Hello,
I’ve been trying to debug to get more information about constantly failing archive_command. But I am unable to go further.
The errors and warnings started unexpectedly as, no changes in database were made by us. Latest maintenance was 2 days before the start of the problem.
Errors in logs are (repeatedly, maybe hundreds of times per day)
INFO 2025-03-05T18:15:50.174684Z 2025-03-05 18:15:49.681 UTC [34]: [1-1] db=,user= LOG: archive command failed with exit code 1
(....)
INFO The failed archive command was:
/utils/replication_log_processor
-disable_log_to_disk
-action=archive
-file_name=00000001000000E900000045
-local_file_path=pg_wal/00000001000000E900000045
-async_archive
-remote_storage
(....)
WARNING archiving write-ahead log file "00000001000000E900000045" failed too many times, will try again later
Metrics during the error period, are unreliable as well: (PINK marked period)
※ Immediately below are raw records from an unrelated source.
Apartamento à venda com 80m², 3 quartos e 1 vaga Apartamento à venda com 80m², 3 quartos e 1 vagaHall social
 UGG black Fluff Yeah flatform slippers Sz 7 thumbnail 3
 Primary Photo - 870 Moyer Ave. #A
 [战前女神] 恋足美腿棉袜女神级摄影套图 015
Queries were slow or failing during that period.
Instance configs:
availableMaintenanceVersions:
- POSTGRES_16_8.R20250112.01_14
backendType: SECOND_GEN
createTime: '2024-08-11T00:20:25.545Z'
databaseInstalledVersion: POSTGRES_16_6
databaseVersion: POSTGRES_16
gceZone: southamerica-east1-b
geminiConfig:
activeQueryEnabled: false
entitled: false
googleVacuumMgmtEnabled: false
indexAdvisorEnabled: false
oomSessionCancelEnabled: false
includeReplicasForMajorVersionUpgrade: false
instanceType: CLOUD_SQL_INSTANCE
kind: sql#instance
maintenanceVersion: POSTGRES_16_6.R20250112.01_03
region: southamerica-east1
satisfiesPzi: false
settings:
activationPolicy: ALWAYS
availabilityType: ZONAL
backupConfiguration:
backupRetentionSettings:
retainedBackups: 7
retentionUnit: COUNT
enabled: true
kind: sql#backupConfiguration
location: us
pointInTimeRecoveryEnabled: true
replicationLogArchivingEnabled: true
startTime: 02:00
transactionLogRetentionDays: 7
transactionalLogStorageState: CLOUD_STORAGE
connectorEnforcement: NOT_REQUIRED
dataDiskSizeGb: '10'
dataDiskType: PD_SSD
databaseFlags:
- name: cloudsql.logical_decoding
value: on
deletionProtectionEnabled: true
edition: ENTERPRISE
insightsConfig:
queryInsightsEnabled: true
queryPlansPerMinute: 5
queryStringLength: 1024
kind: sql#settings
locationPreference:
kind: sql#locationPreference
zone: southamerica-east1-b
maintenanceWindow:
day: 7
hour: 3
kind: sql#maintenanceWindow
updateTrack: stable
pricingPlan: PER_USE
replicationLagMaxSeconds: 31536000
replicationType: SYNCHRONOUS
settingsVersion: '61'
storageAutoResize: true
storageAutoResizeLimit: '0'
tier: db-f1-micro
userLabels:
env: prod
sqlNetworkArchitecture: NEW_NETWORK_ARCHITECTURE
state: RUNNABLE
upgradableDatabaseVersions:
- displayName: PostgreSQL 17
majorVersion: POSTGRES_17
name: POSTGRES_17
And the output of these commands:
SHOW archive_mode;
> archive_mode: always
SHOW archive_command;
> /utils/replication_log_processor -disable_log_to_disk -action=archive -file_name=%f -local_file_path=%p -async_archive -remote_storage
Fixed by disabling Point-in-time recovery and restarting the instance. I will enable PITR today again, but I would like to understand if there is any issue I must account for, before enabling it again.